Proseguono le ricerche del turista olandese di 45 anni che ieri intorno alle 12:30 si è inabissato nelle acque del lago di Como davanti a Menaggio dove si era tuffato dalla barca che aveva noleggiato per aiutare il figlio di 16 anni che era in difficoltà.

Il figlio si è salvato, ma il padre è scomparso. Subito sono partite le ricerche nell’area da parte di guardia costiera e vigili del fuoco. Sul posto sono impegnati i sommozzatori dei vigili, supportati da mezzi nautici e personale specializzato.
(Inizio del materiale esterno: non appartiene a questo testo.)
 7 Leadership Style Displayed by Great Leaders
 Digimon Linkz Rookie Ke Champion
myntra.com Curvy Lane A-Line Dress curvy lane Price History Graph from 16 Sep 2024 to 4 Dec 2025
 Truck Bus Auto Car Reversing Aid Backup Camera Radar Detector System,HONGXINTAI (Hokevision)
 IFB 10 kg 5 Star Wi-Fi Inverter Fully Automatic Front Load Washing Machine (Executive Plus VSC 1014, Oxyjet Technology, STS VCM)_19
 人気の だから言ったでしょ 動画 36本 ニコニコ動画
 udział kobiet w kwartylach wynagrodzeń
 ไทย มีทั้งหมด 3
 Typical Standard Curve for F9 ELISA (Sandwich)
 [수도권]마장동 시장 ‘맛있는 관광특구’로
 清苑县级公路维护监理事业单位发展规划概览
Le motovedette della guardia costiera hanno ripreso all’alba le ricerche, che erano state interrotte all’arrivo di una perturbazione ieri. In arrivo da Genova anche i sommozzatori del 5° Nucleo Sub della Guardia Costiera, per le ricerche di profondità che verranno attivate con ROV e sonar, per coprire fondali oltre i cinquanta metri. Il quarantacinquenne olandese si è infatti inabissato in un punto in cui la profondità del fondale passa rapidamente da 25 a oltre 100 metri.

Per garantire la sicurezza delle operazioni in profondità si alterneranno nell’arco della giornata le unità navali della guardia costiera, della polizia (squadra Acque Interne della questura di Como) e della guardia di finanza.